But exactly what crime led to his arrest? What careless misstep got him taken to the KGB cellar?
After Rubin's death, his family realized that no one knew the precise answer. So in an effort to get at the truth, they turned to the Nativ bureau, which was responsible for helping Soviet Jews during the Cold War. Before the Iron Curtain fell, the bureau's activities were conducted in secret, and its rich archive – a treasure trove of information – was not yet accessible to the public. The new head of Nativ, Neta Briskin Peleg, took the Rubin case on and searched for relevant information. She procured a file of documents and testimonies from the archive bearing the name "Anatoly Rubin," and thanks to her dedication, the documents there were made available to the family.
The papers revealed a surprise that shocked everyone, even the Nativ representatives. It turned out that Rubin had traveled on business to Riga, and in his spare time visited bookshops to look for Jewish materials.

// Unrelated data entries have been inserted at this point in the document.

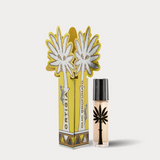Perfume bottle with decorative packaging on a white background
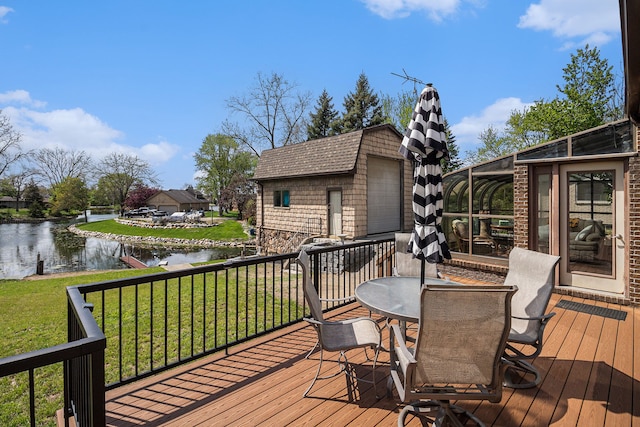 deck with a water view, a yard, outdoor dining space, and a detached garage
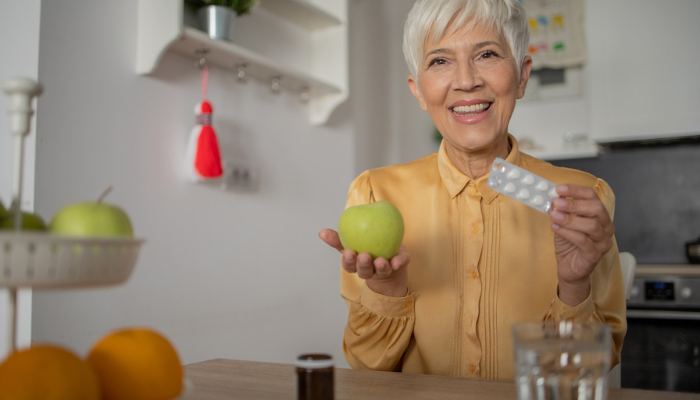 Senior woman showing supplements.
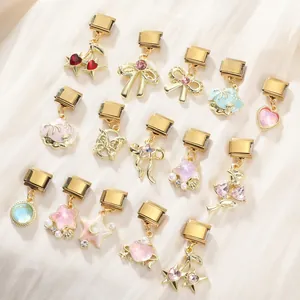 Maillons de charms italiens avec pendentifs cerise, papillon et étoile dorés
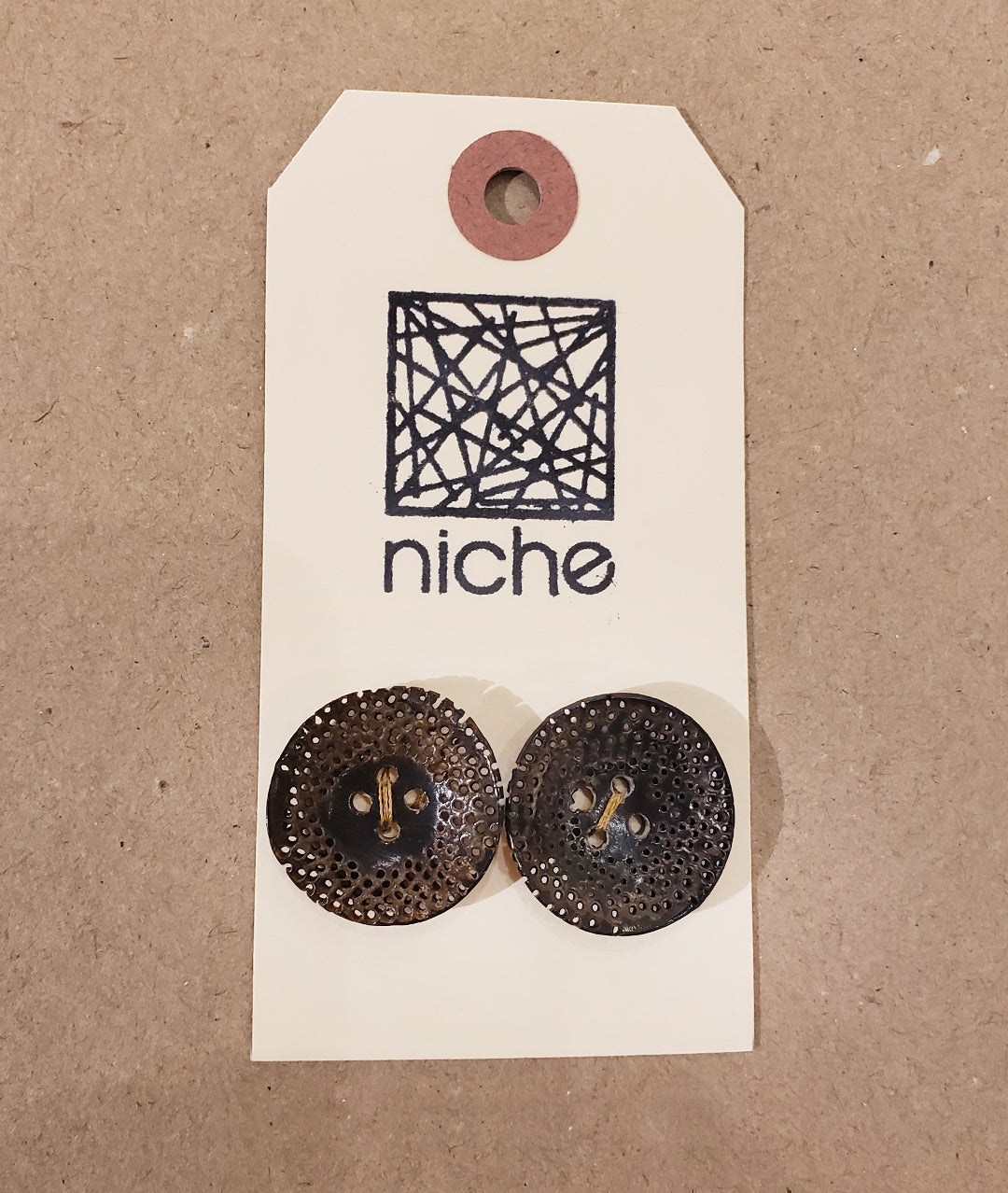 brown dotted buttons on a Niche card
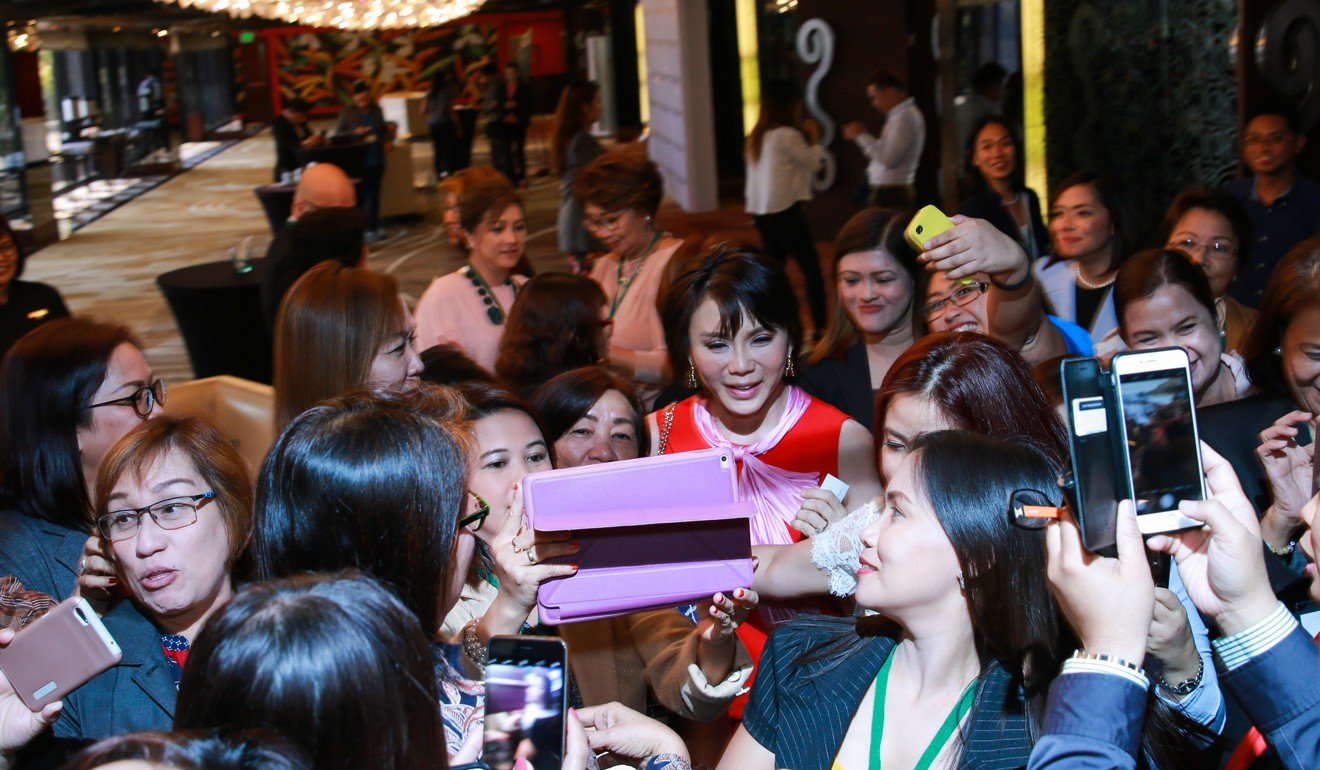 Vicki Belo surrounded by fans at an event in Manila.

In one bookshop, he came across a man who was holding a Jewish book, and, his curiosity getting the better of him, approached him to inquire about the book. Abandoning the caution that a Soviet citizen should have exercised, he went home with the man, where he saw many books with Jewish themes. When this new "friend" asked Rubin his name and place of residence, he volunteered the information willingly.

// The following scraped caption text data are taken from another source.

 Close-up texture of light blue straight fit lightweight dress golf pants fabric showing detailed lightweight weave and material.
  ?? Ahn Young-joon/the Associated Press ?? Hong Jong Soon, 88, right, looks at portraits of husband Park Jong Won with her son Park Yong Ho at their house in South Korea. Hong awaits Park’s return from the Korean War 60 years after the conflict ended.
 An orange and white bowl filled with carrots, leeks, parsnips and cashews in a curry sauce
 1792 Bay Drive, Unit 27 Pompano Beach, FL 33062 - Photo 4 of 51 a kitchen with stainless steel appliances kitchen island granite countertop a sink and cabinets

The man, who was in fact a Jewish activist, was shocked by his guest's uncharacteristic openness and immediately suspected him of being a provocateur sent by the KGB to entrap him. The atmosphere of chronic suspicion in 1950s Soviet Union did not allow for the possibility that an earnest man would approach a stranger in broad daylight to talk about Jewish topics and even ask for help in acquiring underground Jewish literature. It did not make sense.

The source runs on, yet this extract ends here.